Epilepsy Center, The George Washington University School of Medicine and Health Sciences, Washington, DC, USA.
Charleston Area Medical Center, Charleston, WV, USA.
Epileptic Disord. 2020 Dec 1;22(6):752-758. doi: 10.1684/epd.2020.1220.
Ambulatory video-EEG monitoring has been utilized as a cost-effective alternative to inpatient video-EEG monitoring for non-surgical diagnostic evaluation of symptoms suggestive of epileptic seizures. We aimed to assess incidence of epileptiform discharges in ambulatory video-EEG recordings according to seizure symptom history obtained during clinical evaluation.
This was a retrospective cohort study. We queried seizure symptoms from 9,221 consecutive ambulatory video-EEG studies in 35 states over one calendar year. We assessed incidence of epileptiform discharges for each symptom, including symptoms that conformed to a category heading, even if not included in the ILAE 2017 symptom list. We report incidences, odds ratios, and corresponding p values using Fisher's exact test and univariate logistic regression. We applied multivariable logistic regression to generate odds ratios for the six symptom categories that are controlled for the presence of other symptoms.

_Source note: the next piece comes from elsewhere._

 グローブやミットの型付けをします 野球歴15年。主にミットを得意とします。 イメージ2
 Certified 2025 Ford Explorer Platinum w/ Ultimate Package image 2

History that included motor symptoms (OR=1.53) or automatisms (OR=1.42) was associated with increased occurrence of epileptiform discharges, whereas history of sensory symptoms (OR=0.76) predicted lack of epileptiform discharges. Patient-reported symptoms that were associated with increased occurrence of epileptiform discharges included lip-smacking, moaning, verbal automatism, aggression, eye-blinking, déjà vu, muscle pain, urinary incontinence, choking and jerking. On the other hand, auditory hallucination memory deficits, lightheadedness, syncope, giddiness, fibromyalgia and chronic pain predicted absence of epileptiform discharges. The majority of epileptiform discharges consisted only of interictal sharp waves or spikes.

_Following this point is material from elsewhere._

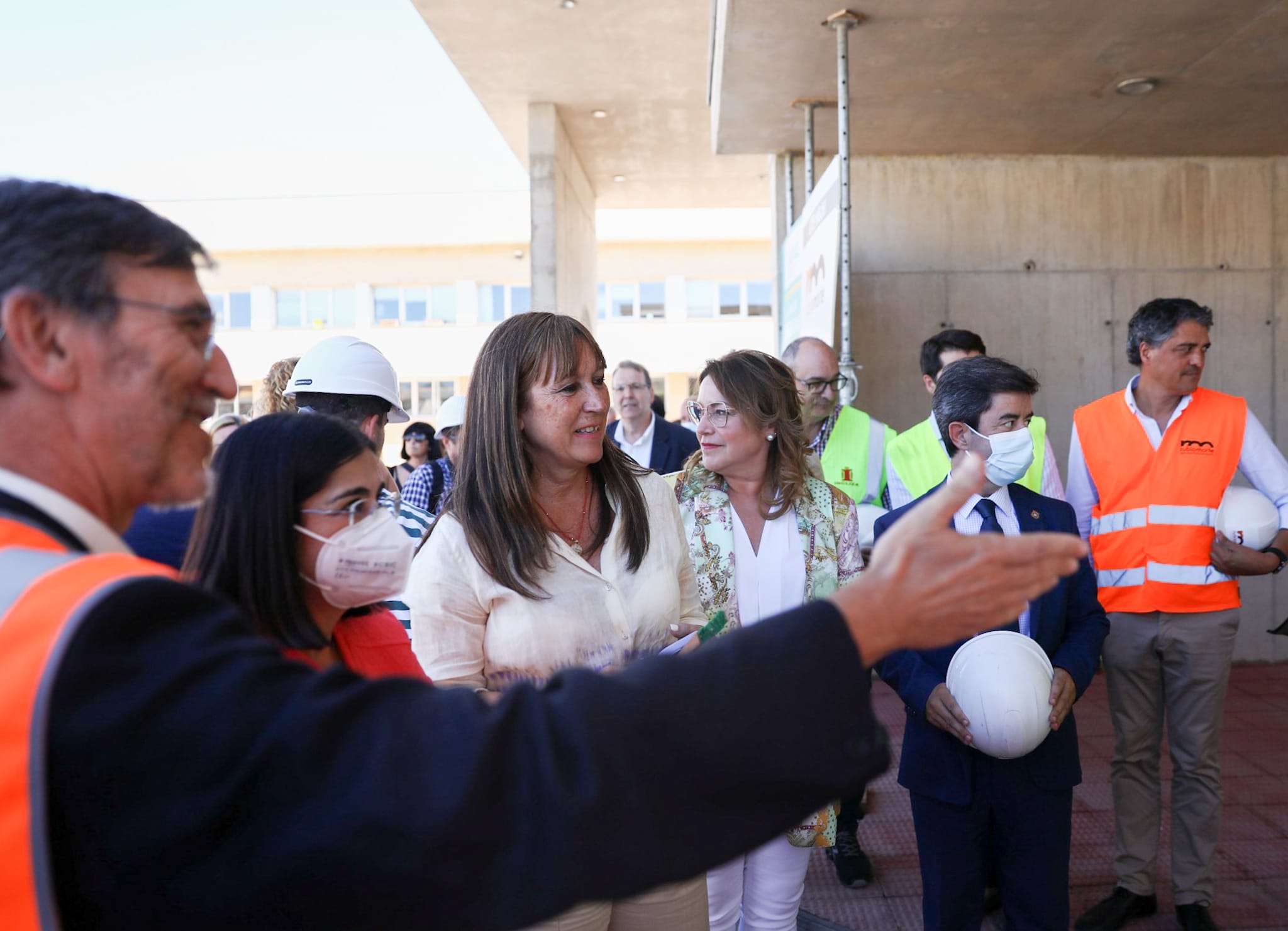 Carolina Darias visita el Hospital San Jorge de Huesca (6)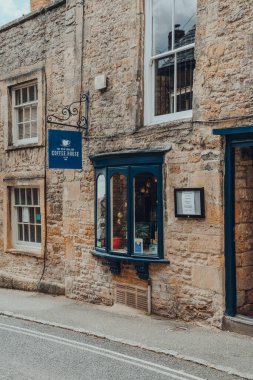 Stow-on-the-Wold, İngiltere - 10 Temmuz 2020: Cotswolds, İngiltere 'de Roman Fosse Yolu üzerine inşa edilmiş bir pazar kasabası olan Stow-on-the-Wold' daki New England kahve evinin imzası ve dış kısmı.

Our study shows that the use of ILAE 2017 symptom categories may help guide ambulatory video-EEG studies.
为了对疑似癫痫发作的症状进行非手术诊断评估,门诊视频脑电图监测已被用作住院视频脑电图监测的一种具有成本效益的替代方法。我们旨在根据临床评估期间获得的癫痫发作症状病史,评估门诊视频脑电图记录中的癫痫样放电发生率。
这是一项回顾性队列研究。我们在一个日历年内对来自 35 个州的 9221 例连续门诊视频脑电图研究中的癫痫发作症状进行了查询。我们评估了每种症状的癫痫样放电发生率,包括符合类别标题的症状,即使这些症状未包含在 ILAE 2017 症状列表中。我们使用 Fisher 精确检验和单变量逻辑回归报告发病率、优势比和相应的 p 值。我们应用多变量逻辑回归生成六个症状类别(控制其他症状存在的情况下)的优势比。
包含运动症状(OR=1.53)或自动症(OR=1.42)的病史与癫痫样放电发生率增加相关,而感觉症状(OR=0.76)的病史预测缺乏癫痫样放电。与癫痫样放电发生率增加相关的患者报告症状包括咂嘴、呻吟、言语自动症、攻击行为、眨眼、似曾相识、肌肉疼痛、尿失禁、窒息和抽搐。另一方面,听觉幻觉、记忆障碍、头晕、晕厥、头晕目眩、纤维肌痛和慢性疼痛预测不存在癫痫样放电。大多数癫痫样放电仅由发作间期棘波或尖波组成。
我们的研究表明,使用 ILAE 2017 症状类别可以帮助指导门诊视频脑电图研究。